Surprisingly, toxic chemicals might not even be listed on labels for products marketed for home use. "Manufacturers are only required to list (certain) ingredients in institutional and industrial cleaners," Westinghouse explains.
Companies that sell less-toxic cleaning products often fully disclose ingredients on their labels. The Cleaning for Health program advises choosing home-use cleaners that are:
- plant- or bio-based, not petroleum-based
- biodegradable
- pH neutral
- packaged in recyclable, pump-spray bottles, not aerosol cans
For more about cleaning safely at home or work, visit Women's Voices for the Earth.
Cleaning as exercise
While using less-toxic products makes cleaning more healthful, here's another way that doing household chores can improve your life: The physical exertion you use when cleaning helps build your overall fitness. "It's burning calories, getting your heart rate up a little bit and moving your body," says Harvard Medical School associate professor of medicine Harvey B. Simon, MD, author of The No Sweat Exercise Plan: Lose Weight, Get Healthy and Live Longer.
Isabel Maples discovered this benefit of housecleaning by accident. The Virginia woman was wearing her pedometer to count steps one day when she was home from work and doing chores.

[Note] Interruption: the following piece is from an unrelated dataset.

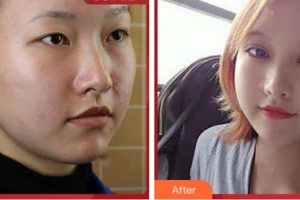 上海玫瑰醫(yī)療美容醫(yī)院金振口整形價格表附Park法復(fù)式切開雙眼皮案例展示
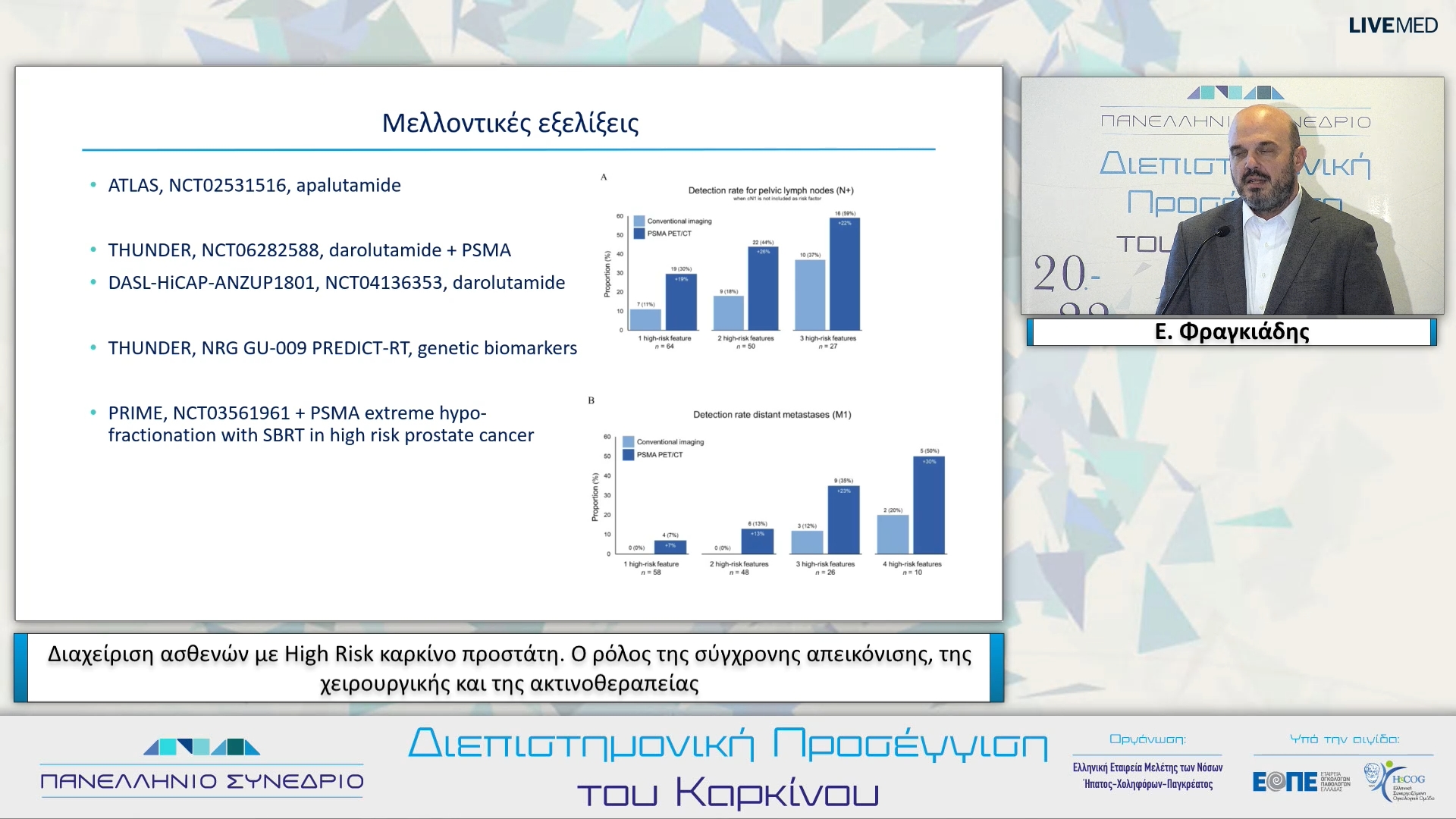 58 Ε. Φραγκιάδης - Διαχείριση ασθενών με High Risk καρκίνο προστάτη. Ο ρόλος της σύγχρονης απεικόνισης, της χειρουργικής και της ακτινοθεραπείας.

"I was just there cleaning. I'd walk up and down the stairs multiple times, sorting laundry upstairs, then bringing it to the main floor...and I'd be straightening up," she says.

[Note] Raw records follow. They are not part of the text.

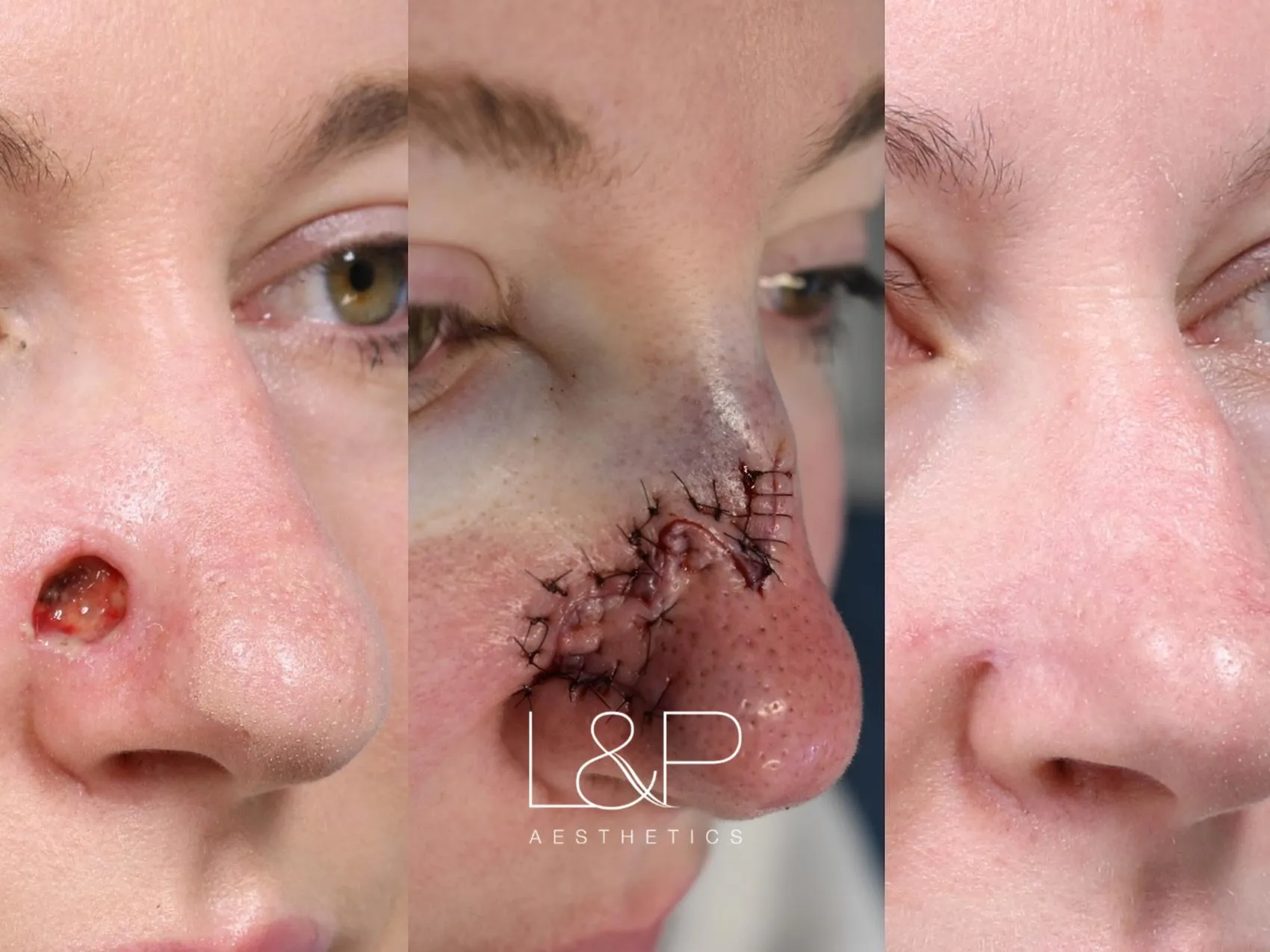 Reconstructive Surgery before and after treatment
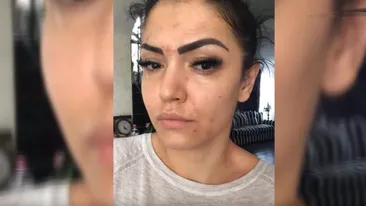 Andreea Mantea, imagini șocante. Vedetei Kanal D i-au ieșit bube pe față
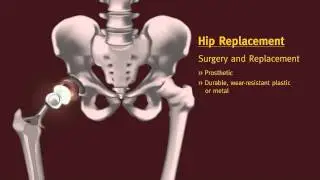 HipReplacement.mov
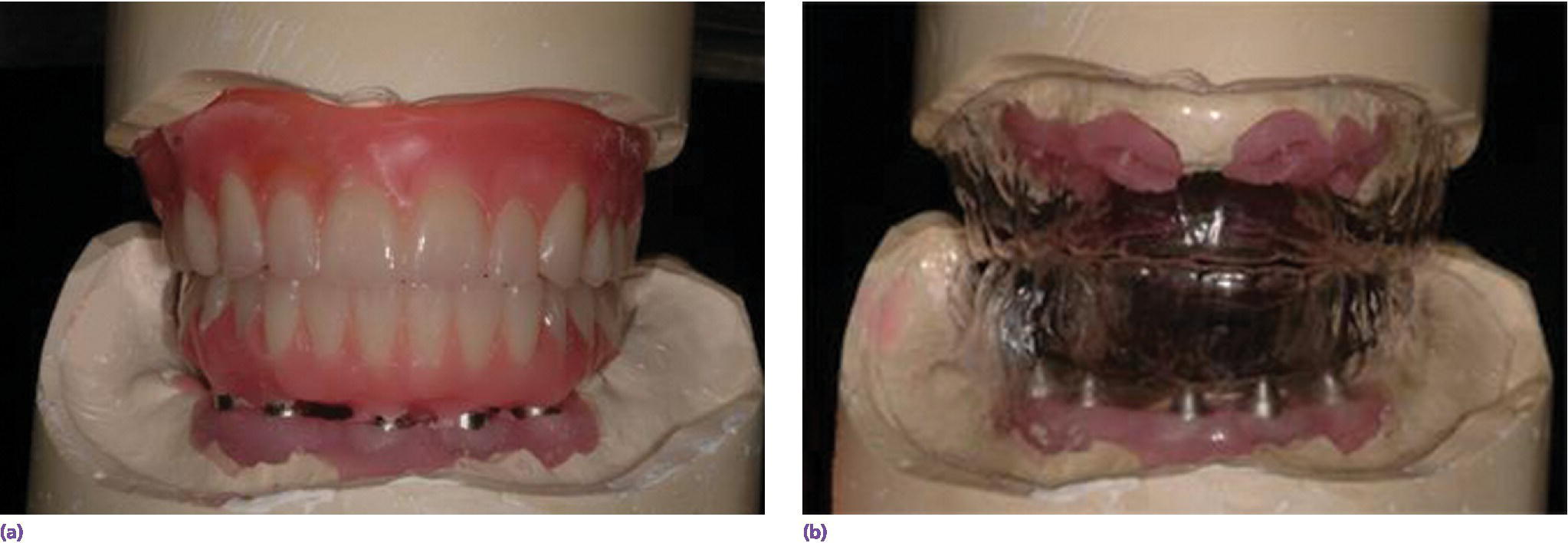 Photos of analog wax-up (top left), and wax-up permits spatial considerations for planning and fabricating maxillary and mandibular prostheses (top right).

At the end of her day's efforts, the pedometer showed she had logged 20,000 steps (most step-counting programs set 10,000 steps a day as a good target). When she went to work, Isabel logged only about 8,000 steps all day. "I was shocked," she says of her discovery that cleaning was a good physical activity.
For tips on using a pedometer, go here
You don't need to dust all day to get activity benefits from cleaning. According to Dr. Simon, the accepted wisdom used to be that exercise was "something that required a discreet set-aside period of time," in which you would get your heart rate up aerobically and keep it up for an extended stretch. "Now we've learned from an enormous body of literature that to be healthy you don't have to do that."
Instead, his research developed a new way of looking at healthful activity—by measuring the cardiometabolic exercise (or CME) value of everyday and recreational activities. This rating shows how well a physical activity can reduce the risk of heart disease, high blood pressure, stroke, colon cancer and breast cancer, as well as protect against weight gain and developing diabetes.
Each activity is given a CME point value. Aim for 1,000 CME points per week, or about 150 a day, to achieve and maintain good health. For weight loss, increase that daily total to 300 and the weekly to about 2,000, Dr. Simon advises.
These housecleaning activities, done at a moderate intensity for 30 minutes each, can contribute to your daily 150 CME points for healthful physical activity:
- dusting, 75 CME points
- household chores, 115 CME points
- ironing or laundering clothes, 70 CME points
- mopping, 115 CME points
- scrubbing the floor, 185 CME points
- sweeping, 90 CME points
- washing dishes, 60 CME points
- vacuuming, 115 CME points
To compare those numbers with walking for 30 minutes, a 140-pound person earns 85 CME points at a 2 mph pace, 110 CME points at 3 mph and 150 CME points at 4 mph.
Since many of us don't vacuum or dust for 30 minutes straight, you can combine 10 minutes of dusting with 10 minutes of brisk walking and 10 minutes of vacuuming to accumulate similar CME point totals (depending upon activity intensity). Adding short bits of other physical activities will help you reach your daily goal.
Realizing that housework is beneficial exercise might not make it more appealing, but it does provide a reward that lasts longer than a clean bathroom.
"You are getting a health benefit from any physical activity, including household chores," says Dr. Simon. "The more you do with your body, the better off you'll be."